The tangled U.S.-Saudi relationship combines all of the worst of this. If the pompous and lethally corrupt Saudi monarchs reigned on a rocky desert isle, America would not give them the time of day, but their endless supply of oil has made them the pusherman for our fatal addiction, and then we’ve also tossed the greed of our military-industrial complex onto the mix. Last week, the New York Times published a withering expose on how the massive defense contractor Raytheon Corp. has continued to make billions of dollars on its Yemeni-killing bombs — a money machine that benefits from a former Raytheon lobbyist, Mark Esper, serving as Defense Secretary (so much for “draining the swamp,” huh?) and from the defense giant hiring Pennsylvania’s own David Urban, a Trumpist who frequently defends the president on cable TV, as its new lobbyist. We don’t know how much more fired IG Linick had uncovered.

Nor can we explain why the Saudis keep getting a free pass for the unfortunate tendency of some of their citizens to find new and horrible ways to murder Americans. OK, you can debate whether that list includes the gruesome, premeditated murder of Jamal Khashoggi, the American-based Washington Post columnist living here on a green card (and killed in Turkey.) But while the new secrets of Pompeo, Team Trump, and the MBS gang remain buried, old ones keep bubbling up.

Coincidentally, we also learned this month the identity of the Saudi government official, Musaed Ahmed al-Jarrah, who aided two of the 9/11 hijackers. William Barr’s Justice Department fought for two years to keep that name secret. Why? And we also learned that an Saudi Air Force officer — allowed into the U.S. for training — had been working with al-Qaeda terrorists in plotting his 2019 attack and the murder of three American sailors in Pensacola, Fla. And yet for some reason Team Trump’s plan for the Persian Gulf is not to confront Saudi Arabia but threaten war with the Saudis’ enemy, Iran.

Why?

It’s been clear since 2016 that the real threat posed to democracy by Donald Trump isn’t his rude tweets but the ease with which he, his ethically unmoored family, and the sycophants around him — with Mike Pompeo the epitome of that repulsive species — have been willing to sell out the American Experiment to whichever foreign dictatorship is offering the highest bid. which on any given day might be Turkey or Vladimir Putin’s Russia ... or Saudi Arabia.

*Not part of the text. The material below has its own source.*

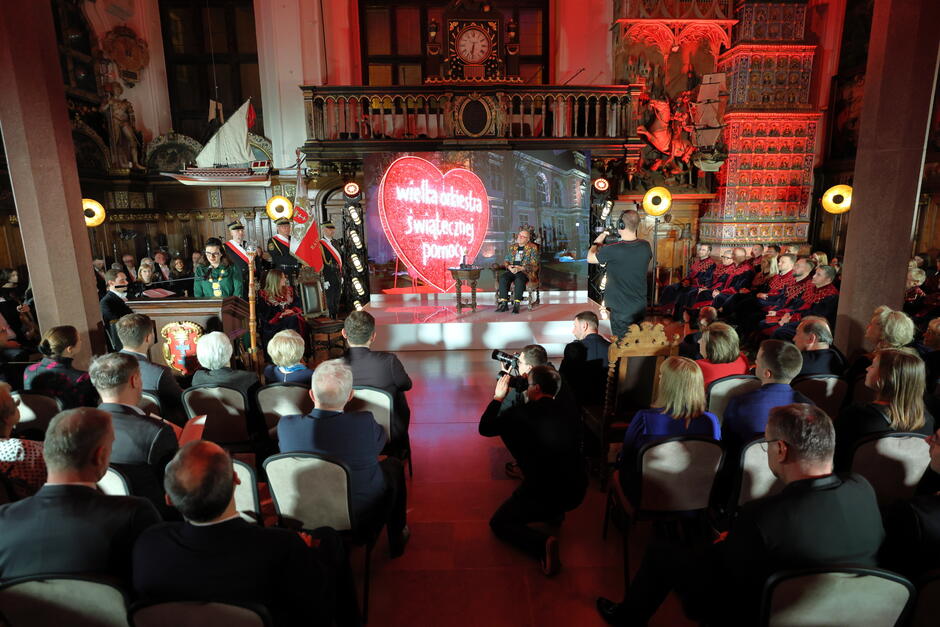 zdjęcie sali podczas uroczystości, na krzesłach siedzą goście, na scenie Jerzy Owsiak, obok przy mikrofonie stoi prezydentka Gdańska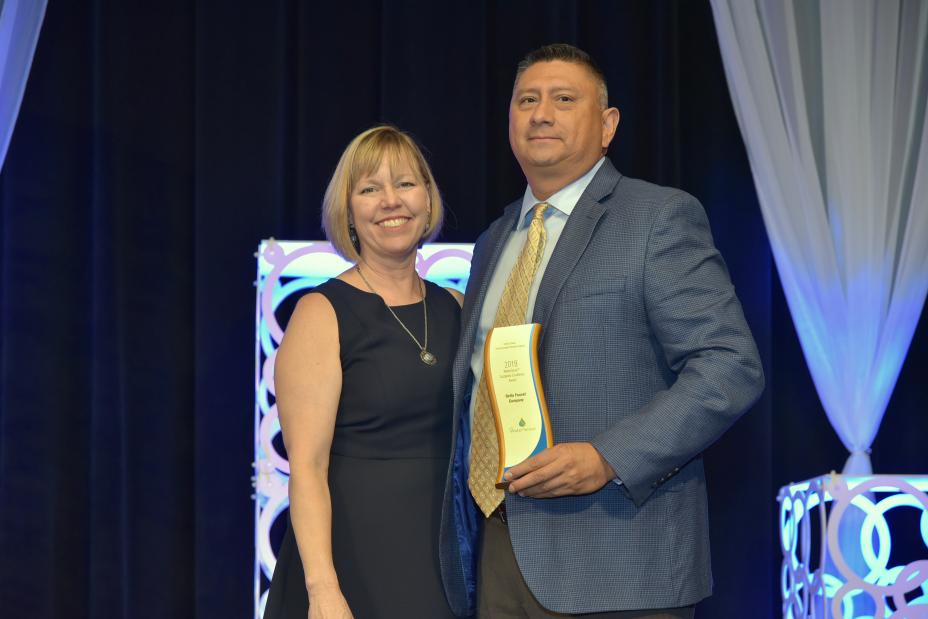 Michael Martinez accepts Sustained Excellence Award for Delta Faucet Company.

For 40 months now, no one inside the current government has been asking about this. Nor has anyone within the White House bothered to ask who killed Jamal Khashoggi, or why “our friends the Saudis” just can’t quit their ties with anti-American terrorists. And when Congress finally, belatedly, took it upon itself to ask why were complicit in the murder of so many Yemenis, the Trumpists bent and maybe broke the law to keep the dirty plates spinning. And when one honest man implanted inside the government, Steve Linick, sought answers, they fired him.

Why?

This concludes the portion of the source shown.